第7話 草食獣人
ライ達三人が黎明都市の入り口手前に差し掛かった時、
道から少し離れた所で泣き声がし足を止める。
視線の先には草食獣人の二人がいるが一人は、地面に
倒れておりもう一人は、何やら慌しそうにしている。
「どうしたんだ?」
レオが話しかけると、草食獣人は腰を抜かし転けてしまう。
「肉食、獣人!!」
後ろに倒れている多分、妹だろう女の子を
背中に隠して威嚇する。
「離れろ!!」
「驚かせてごめんね!!だけど危害を加える気はないよ!!」
「そうよ、落ち着いて、」
「いいから離れろ!!妹に近寄るな!!」
モルとライは必死に説得するが、草食獣人の少年は
臨戦体制に入ってしまっており全くもってこちらの
話を聞かない。
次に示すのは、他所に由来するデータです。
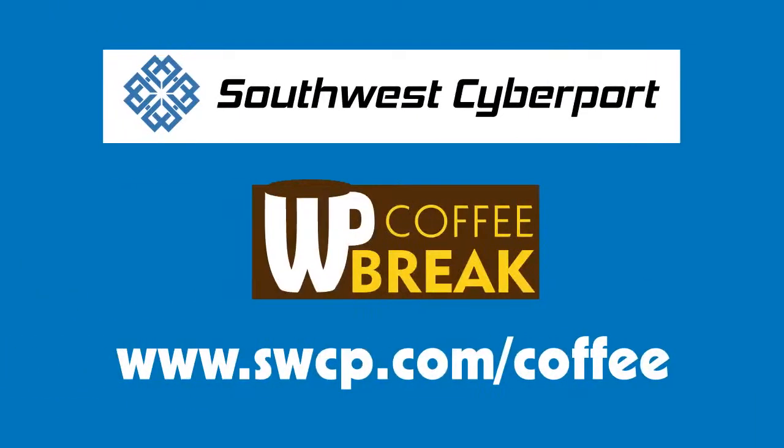This has been a WP Coffee Break from Southwest Cyberport, a cutting-edge WordPress hosting provider in the heart of the American Southwest. If you need fast, secure, and friendly WordPress hosting, head over to swcp.com slash coffee to check us out.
やむ追えずモルはフードを脱ぐと、
少年と視線を合わせるため膝をつく。
「て、天人様、」
目隠しをつけた状態でも、特徴的な白い髪で
気づいたようだ。
少年はギョッとした顔で固まってしまう。
「訳あって肉食獣人と黎明都市に来たのだけど、
驚かせてしまってごめんなさいね、」
そう言いながら謝るモルにバツが悪い少年は
顔面蒼白で慌てている。
「!…天人様、早く立ってください!!
僕なんかに膝を着くなんてダメです!!」
余りの慌てように仕方なく立ち上がるモルを
見て、安堵のため息をつく少年。
「どうして泣いていたの?」
モルの後ろからライが恐る恐る聞くと
少年は何か思い出したかのようにまた
泣き出してしまった。
「妹が、急に倒れて、」
どうやらもう少しで都市につくという所で
妹がいきなり気を失ってしまい、呼びかけても
返事が返ってこないため、どうしていいか分からず
泣いてしまったそうだ。
「たった一人の家族なのに、妹に何かあったら、」
「近づいても良いかしら?」
少し渋っていた少年だったが、モルが私だけだから、
と念を押すとレオとライはその場から少し離れる。
「はい、」
その様子を見て渋々許可をだす少年に
ありがとう、と一言いうと妹に近づき
顔を除きこむ。
「…顔色が良くないわね、」
少女は青白い顔をし眉間に皺を寄せている。
見るからに体調が良くないようだ。
「…、だれ、」
少女はしんどそうにそれだけ言うと
また気を失ってしまう。
「仕方ないわね、皆少し下がって」
モルはまた掌を合わせると杖を出し唱える。
「アヴァ・リス・フィル」(水の恵鐘)
水のベールが小さな鐘の音を鳴らし少女を包むと
遠目からでも顔色が良くなっていくのが分かる。
「ん、…お兄ちゃん、」
「わ!凄い!」
先程まで起き上がれなかった少女が
ゆっくりではあるが起き上がれるまでになり
思わず大きな声を出してしまうほど興奮を隠せないライ。
「…光の魔償ではないから、応急処置にしか
なっていないけど都市までは大丈夫よ。」
「!、天人様ありがとうございます!」グスッ
祈るように手を握り合わせると何度もお礼をいう
少年にモルは優しい笑顔を見せると頭を一撫でした。
「もう少しで黎明都市だけど、心配だから
良ければ一緒に行かない?」
「良いんですか!」
「ええ、もちろん。」
嬉しそうにピョンピョンと飛び跳ねる少年と
可愛らしい笑顔を浮かべる少女に皆が笑顔になる。
ただやはり肉食獣人は怖いようなので
レオは少し後ろを歩くことになった。
「僕はキャベル・へルダンです!こっちは妹のアイ・へルダン!」
「私はモールよ。2人はどこに住んでるの?」
「僕達は南西の村から買う物があって来ました!」
仲睦まじく話している3人に少し後ろで
しょぼくれるレオとヤキモチを焼くライ。
「モルさん取られちゃう!」
「俺ってそんなに怖いかな…。」
次回、モルさんの隣を争ってレオとキャベルの
熾烈な争いが繰り広げられる。モルさんの隣は誰の手に?!
第8話 大波乱 お楽しみに!
アイ・ヘルダン(左)
キャベル・ヘルダン(右)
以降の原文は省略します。